2013, like 2012, looks like it could be a tale of a two-speed global economy. The industrialised nations will struggle with growth, while developing economies – particularly in Asia and sub-Saharan Africa – will again be the fastest growing economies. In a sense this is not surprising given the debt burden many Western governments are grappling with, but the prolonged period of relative decline in the West which we have seen over the last five years is starting to look like what some commentators are now labelling the ‘new normal’.
In RSM’s latest Talking Points publication, David Bartlett, an economic adviser to RSM, produces a neat overview of global economic trends. The Eurozone, while managing to claw itself back from the precipice, is unlikely to achieve significant growth in 2013. The United States, although averting fiscal calamity at the start of the year, still has unsustainable levels of debt that imperil economic recovery. On the plus side, the shale oil and gas boom could lead to a dramatic change in the U.S. energy landscape, help to deliver cheap energy for industry and consumers, and drive economic growth.
The major emerging markets should deliver improved growth in 2013, though looking beyond the BRICs, ‘second tier’ emerging markets are worth watching.
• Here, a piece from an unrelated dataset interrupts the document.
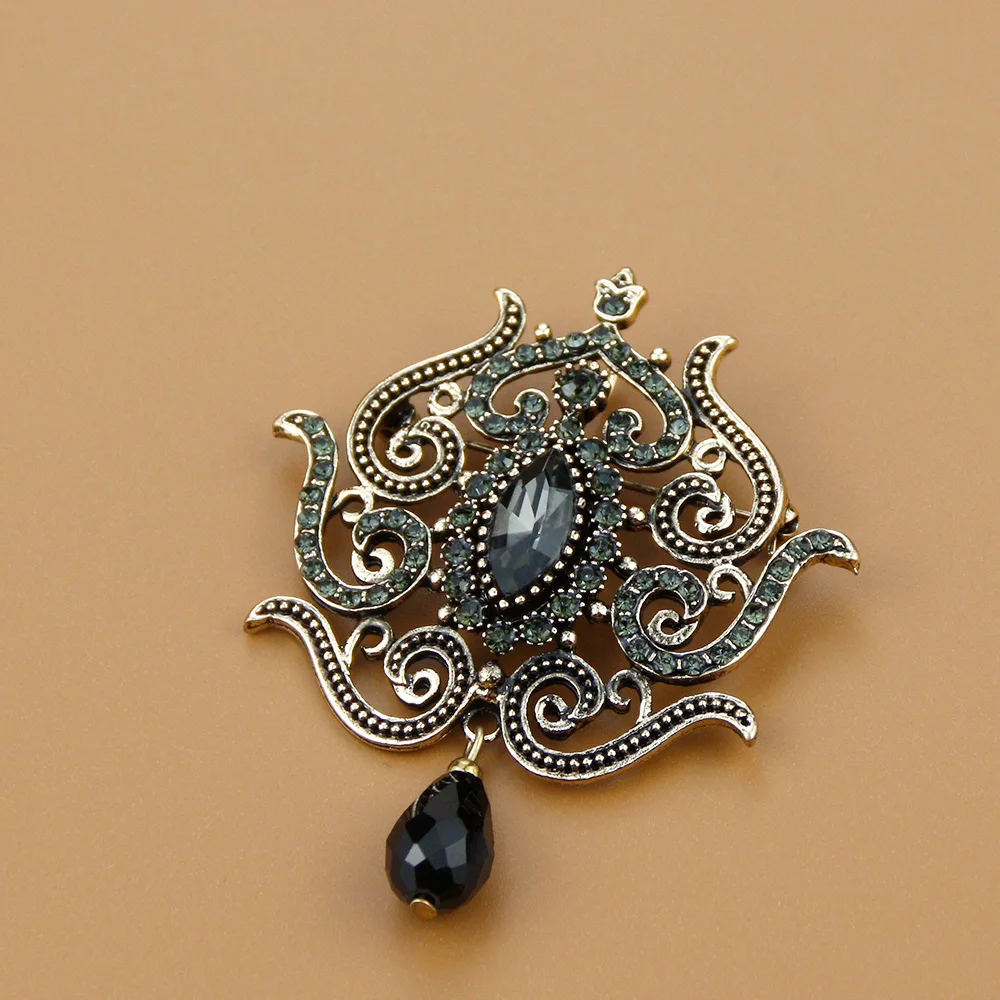 Sunspicems Retro Gold Color Women Flower Brooch Vintage Gray Crystal Bohemia Banquet Jewelry Arab Caftan Robe Brooches Pins Gift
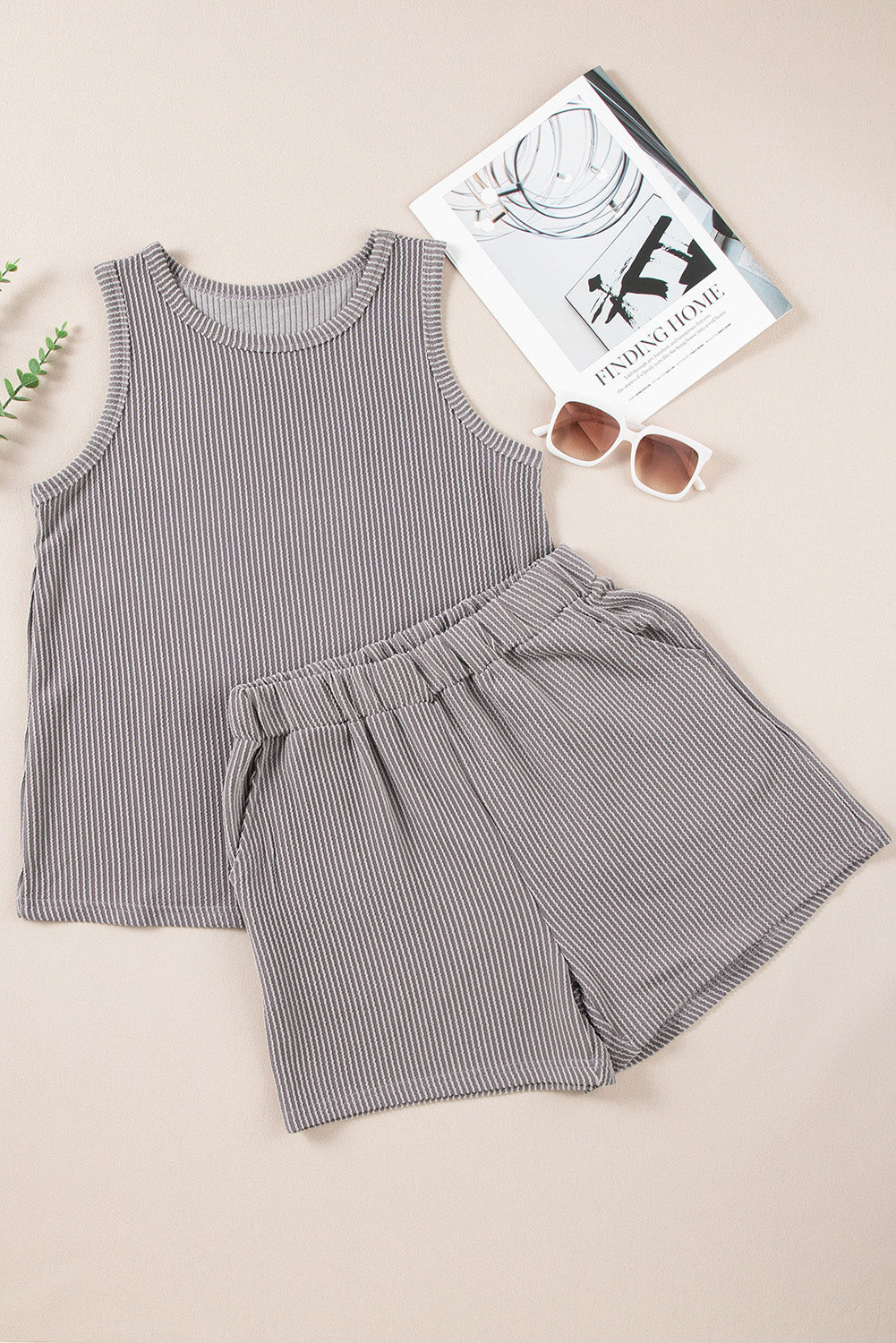 Round Neck Sleeveless Top and Shorts Set - aurelia-clothing-8955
According to the International Monetary Fund, Asian markets will grow; Indonesia (6.3%), Thailand (6%), Vietnam (5.8%) and Kazakhstan (5.7%) are all forecast to perform well. Sub-Saharan Africa has its star performers too: Mozambique (8.4%), Ghana (7.8%), Tanzania (6.8%), Nigeria (6.7%) and Kenya (5.6%).
The basic pattern – slow growth in developed economies, strong growth in emerging markets – is likely to be the defining characteristic of the global economy for the medium term. David Bartlett lists three key issues which developed countries will need to overcome to escape the slow growth trap: 1) the need for national governments to reconcile the requirement for fiscal austerity with economic growth; 2) the ability of industrialised economies to capitalise on commercial opportunities in fast-growing emerging markets; and 3) the capacity of developed economies to boost productivity. That’s quite a challenging ‘to do’ list, but apart from point ‘1’ eminently achievable. When the financial crisis broke, many commentators thought we would be in for a short, sharp recession. For the West, the burden of government debt has proved an enormous drag on growth, and is likely to be so for many years to come.